Please copy exactly the lines from the one containing "Grey Stripe Duvet" to the end of the entries, both included, and nothing else. Omit every picture.

[Extracted records — start]

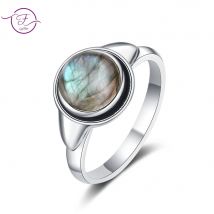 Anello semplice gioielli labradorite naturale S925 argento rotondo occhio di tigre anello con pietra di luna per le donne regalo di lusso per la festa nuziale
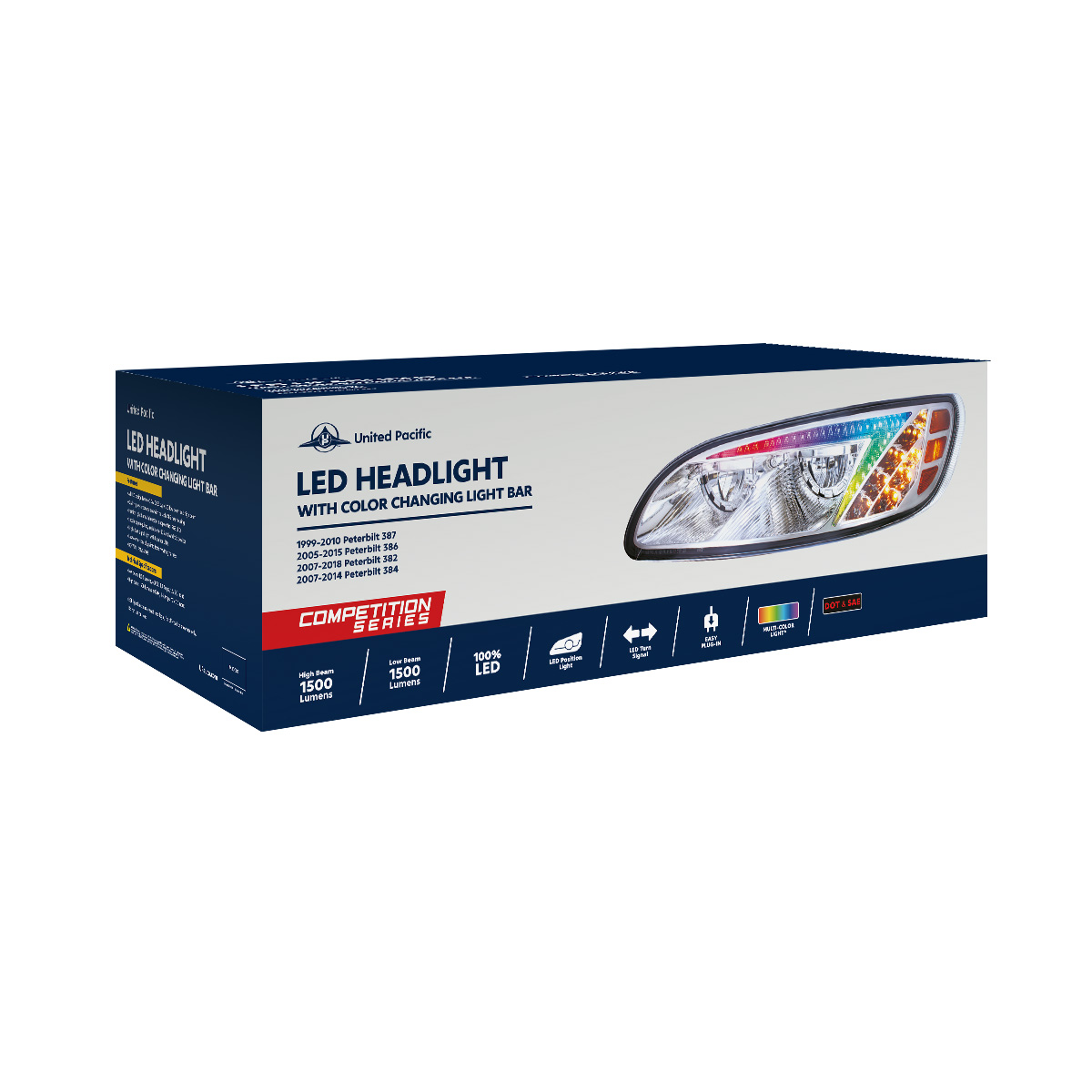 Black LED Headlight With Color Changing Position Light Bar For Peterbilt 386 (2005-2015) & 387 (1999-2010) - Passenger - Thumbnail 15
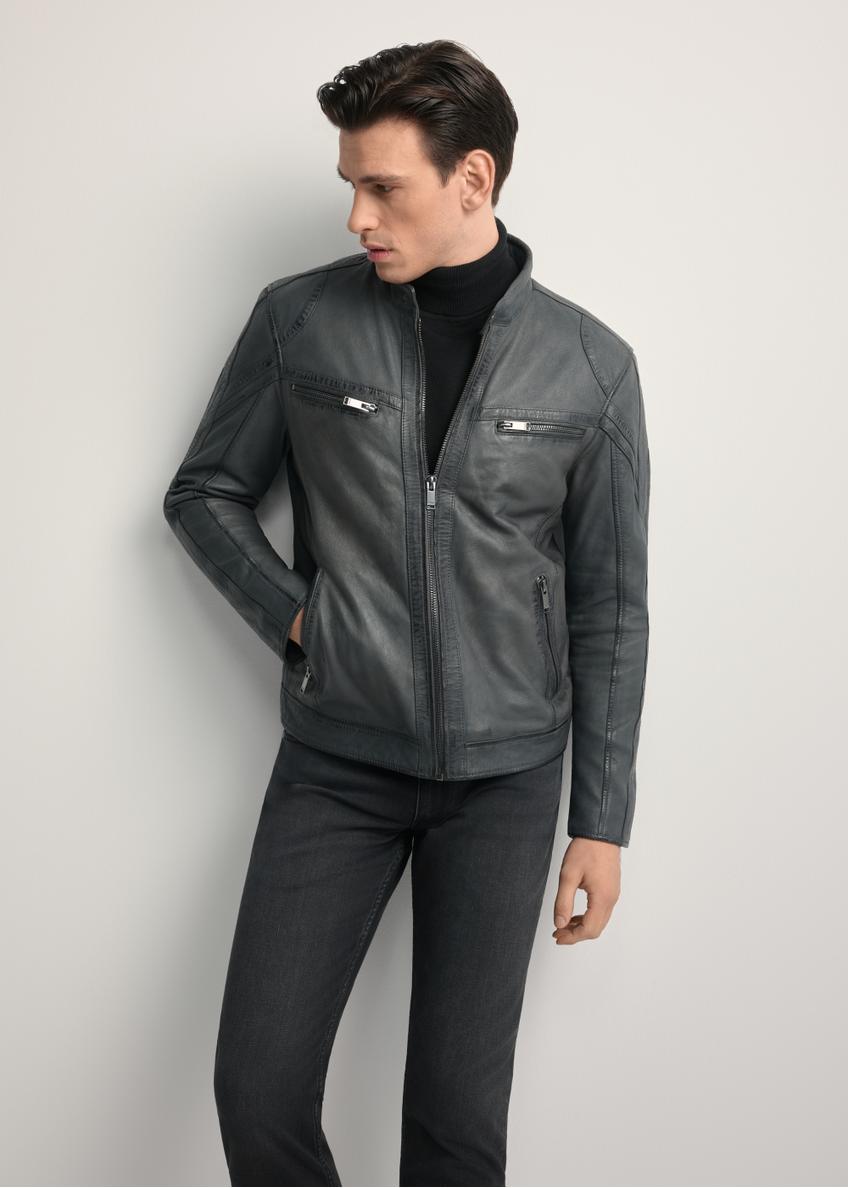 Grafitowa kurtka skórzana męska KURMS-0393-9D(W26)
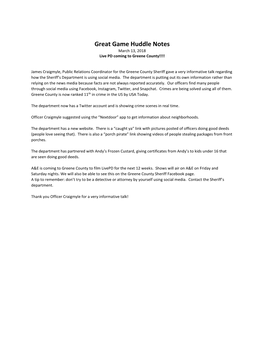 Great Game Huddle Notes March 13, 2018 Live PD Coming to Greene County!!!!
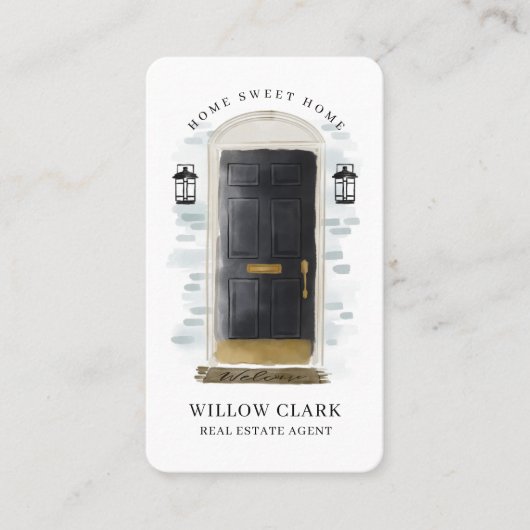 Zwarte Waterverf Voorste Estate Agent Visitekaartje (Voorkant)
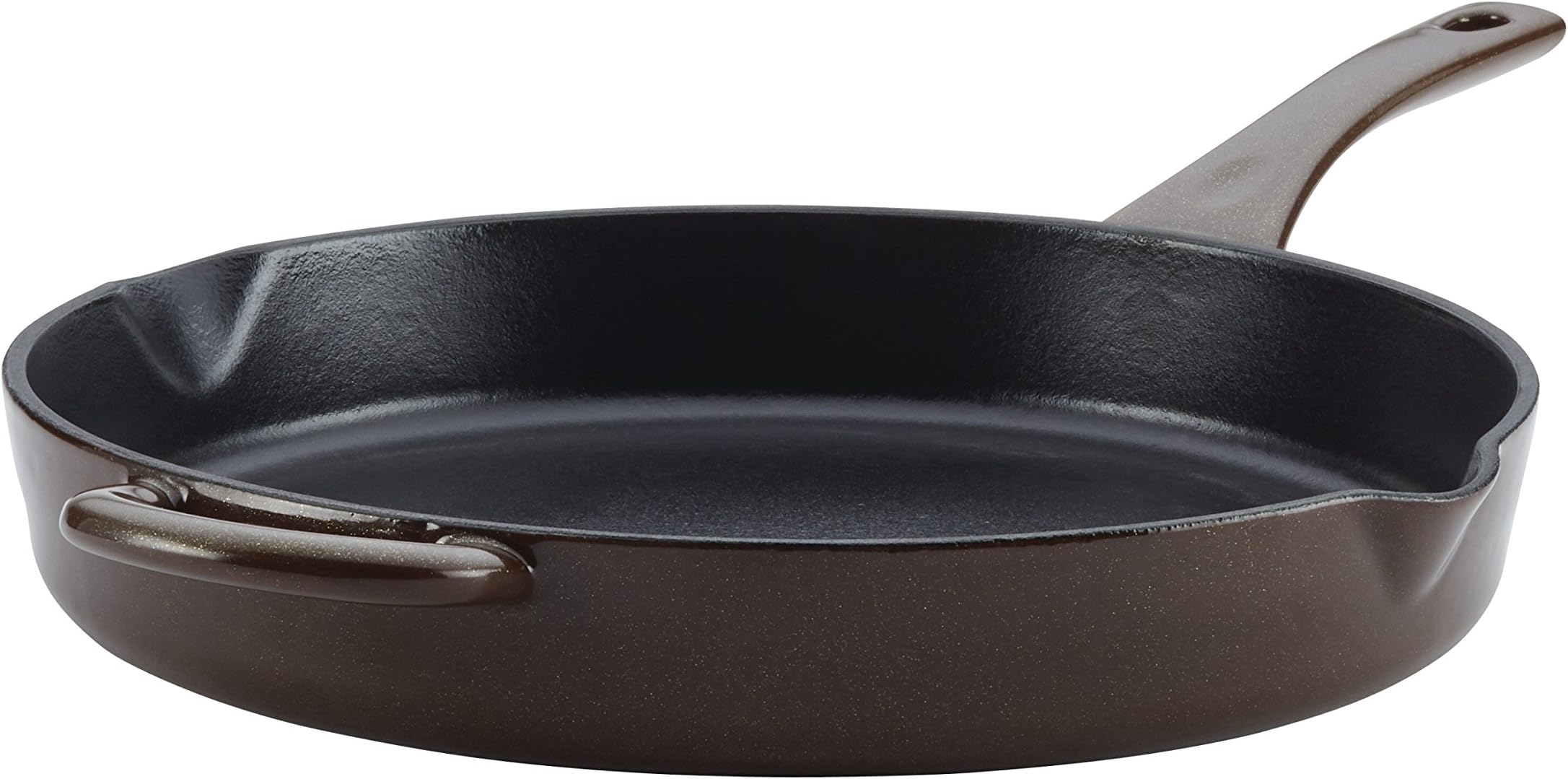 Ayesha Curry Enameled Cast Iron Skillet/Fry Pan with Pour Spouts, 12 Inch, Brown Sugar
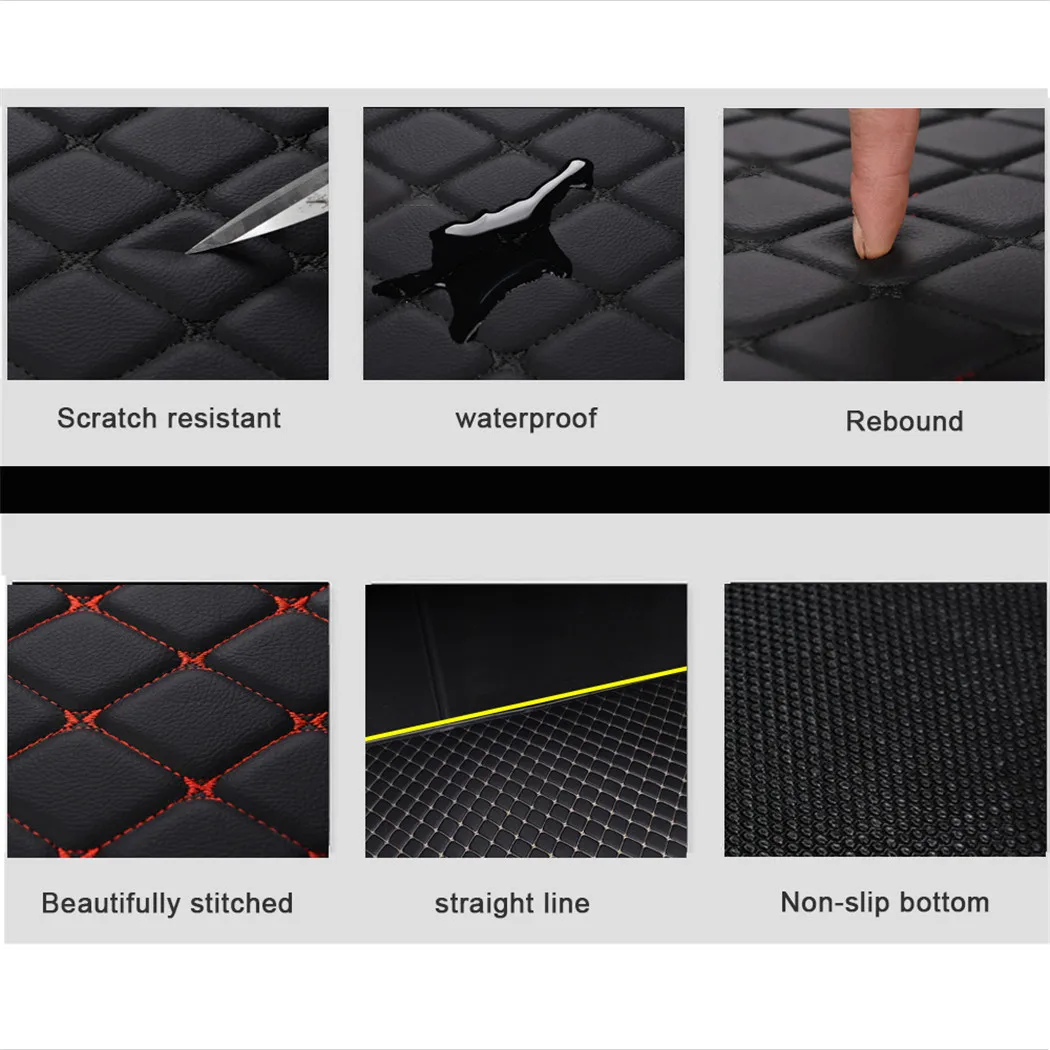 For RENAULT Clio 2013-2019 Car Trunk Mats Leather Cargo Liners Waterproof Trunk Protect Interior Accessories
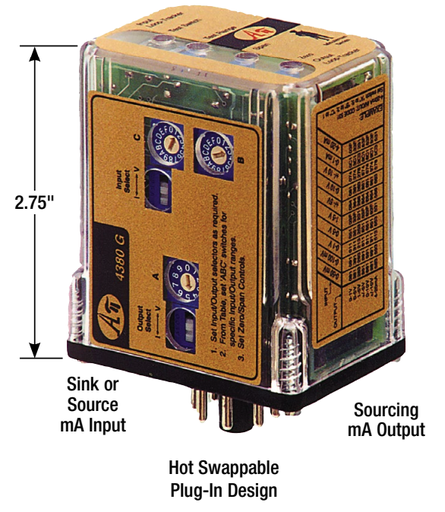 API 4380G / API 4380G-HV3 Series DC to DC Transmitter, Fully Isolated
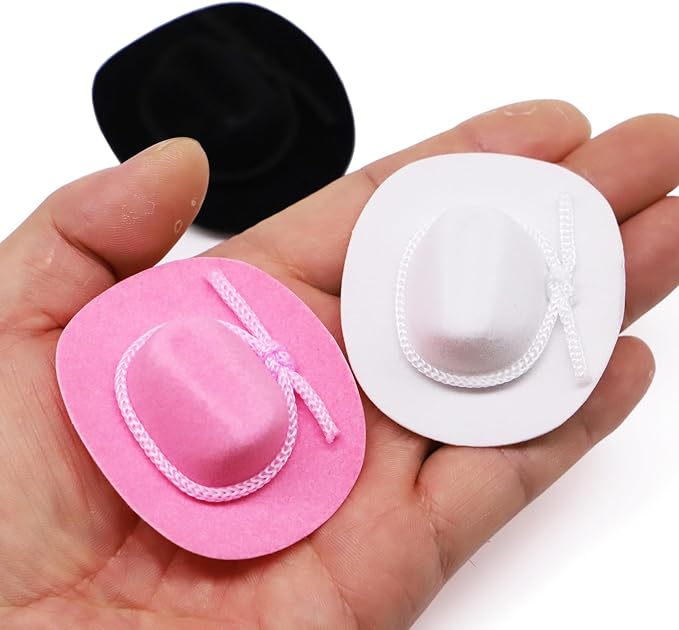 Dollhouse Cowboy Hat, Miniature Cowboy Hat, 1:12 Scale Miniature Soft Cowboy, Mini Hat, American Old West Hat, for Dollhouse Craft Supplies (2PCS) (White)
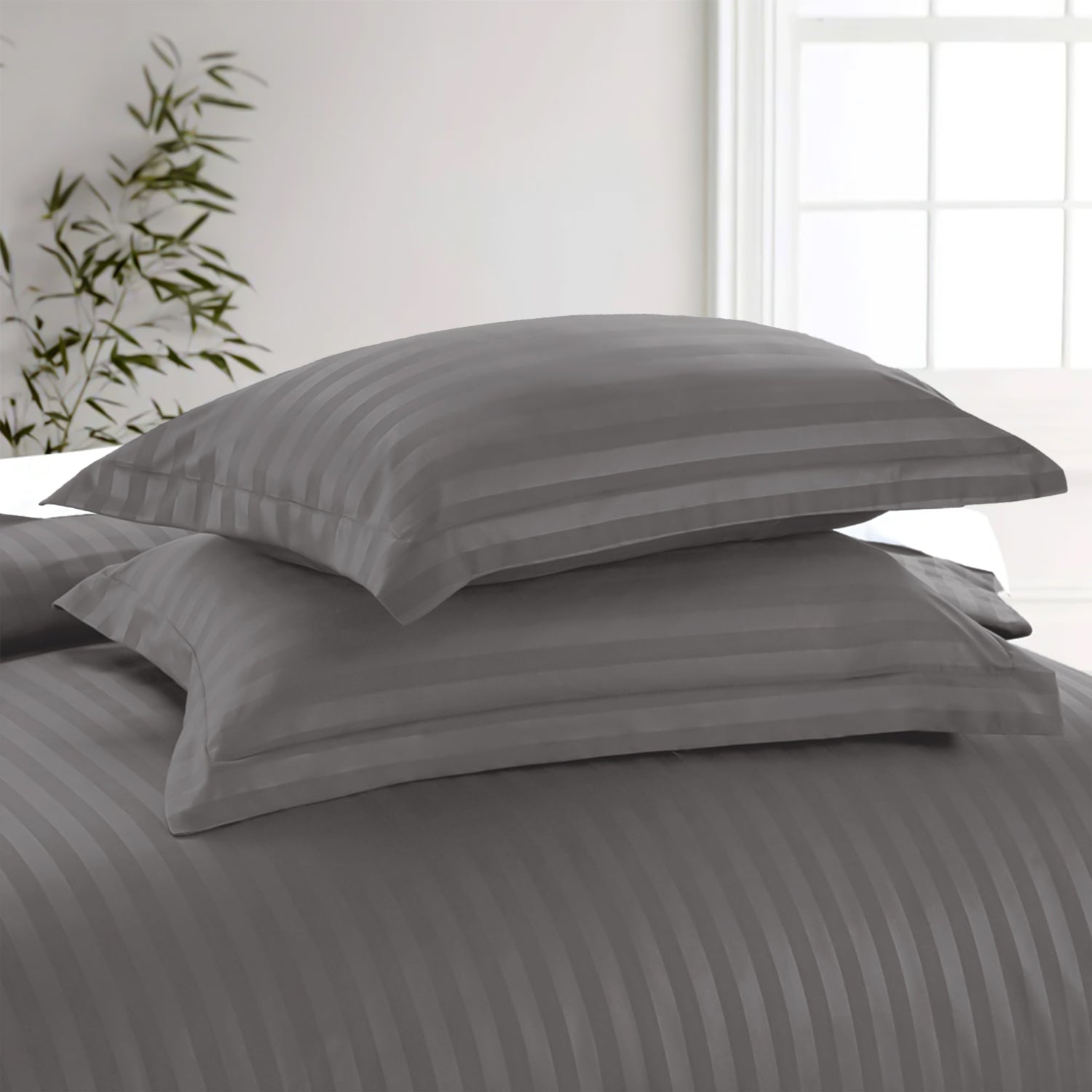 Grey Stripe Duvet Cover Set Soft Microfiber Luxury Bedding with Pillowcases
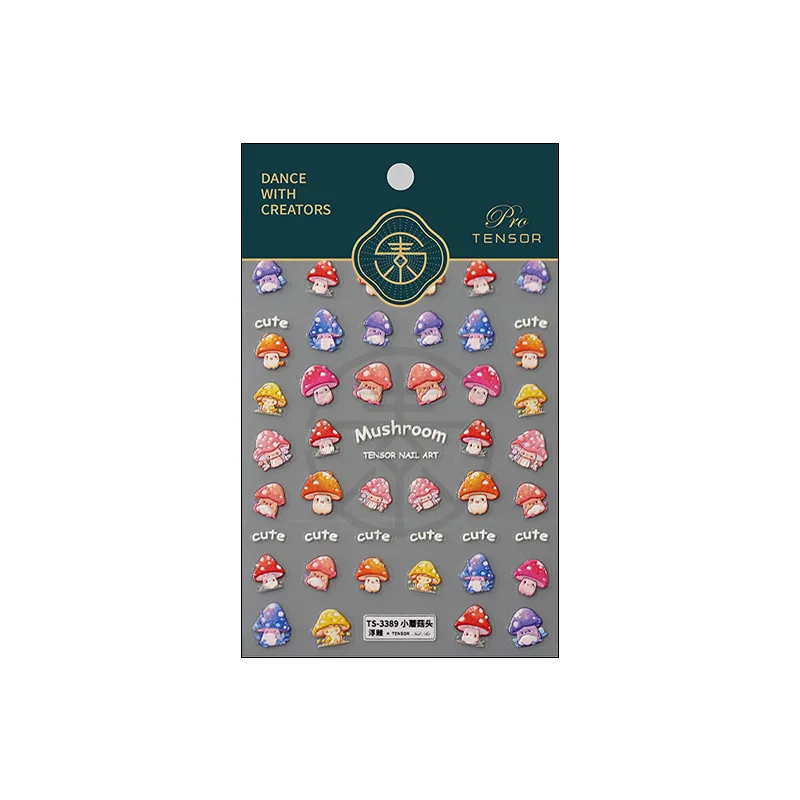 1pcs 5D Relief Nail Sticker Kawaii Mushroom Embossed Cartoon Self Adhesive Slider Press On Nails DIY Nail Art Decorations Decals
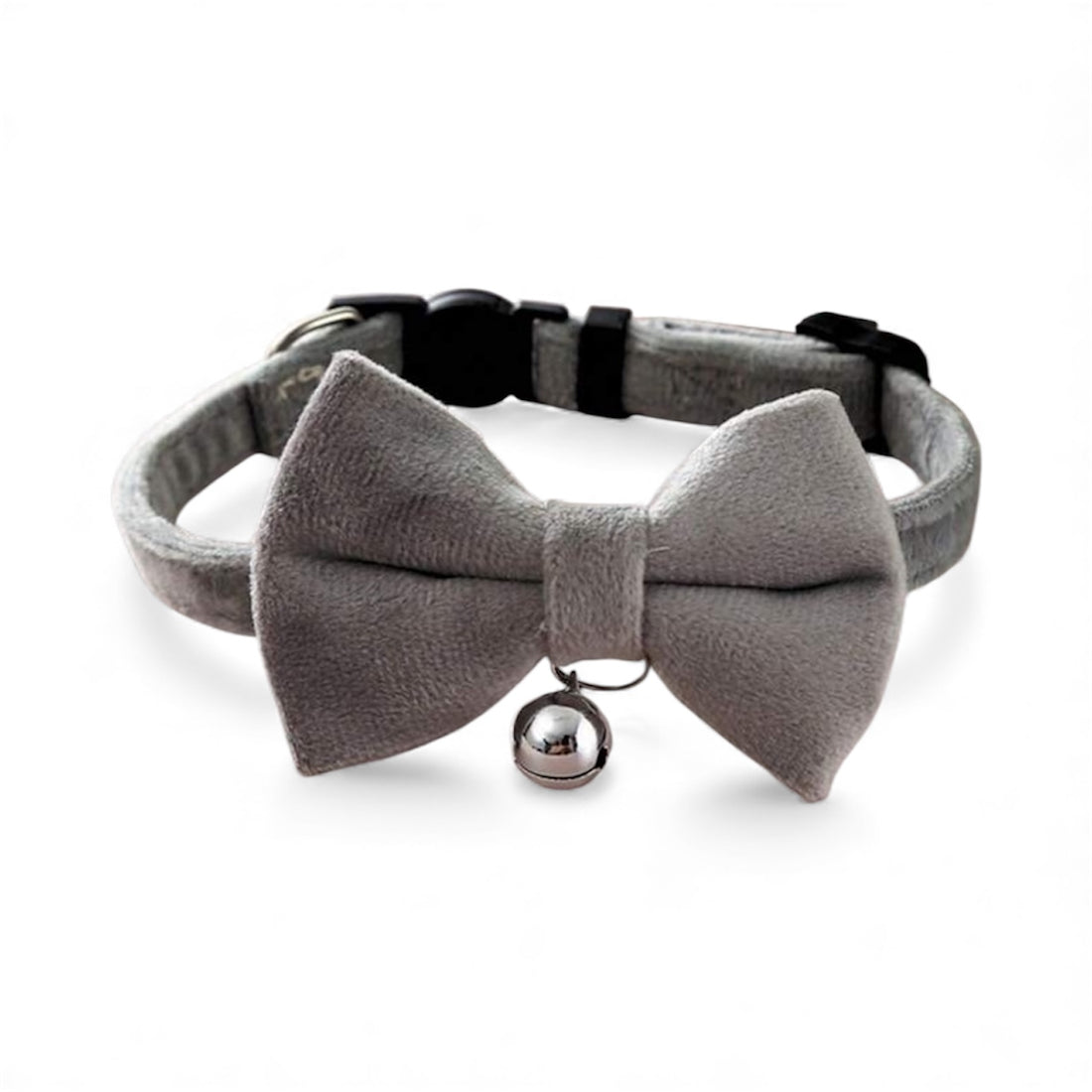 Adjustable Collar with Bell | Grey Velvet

[Extracted records — finish]

**Exercise answer**
 Grey Stripe Duvet Cover Set Soft Microfiber Luxury Bedding with Pillowcases
 1pcs 5D Relief Nail Sticker Kawaii Mushroom Embossed Cartoon Self Adhesive Slider Press On Nails DIY Nail Art Decorations Decals
 Adjustable Collar with Bell | Grey Velvet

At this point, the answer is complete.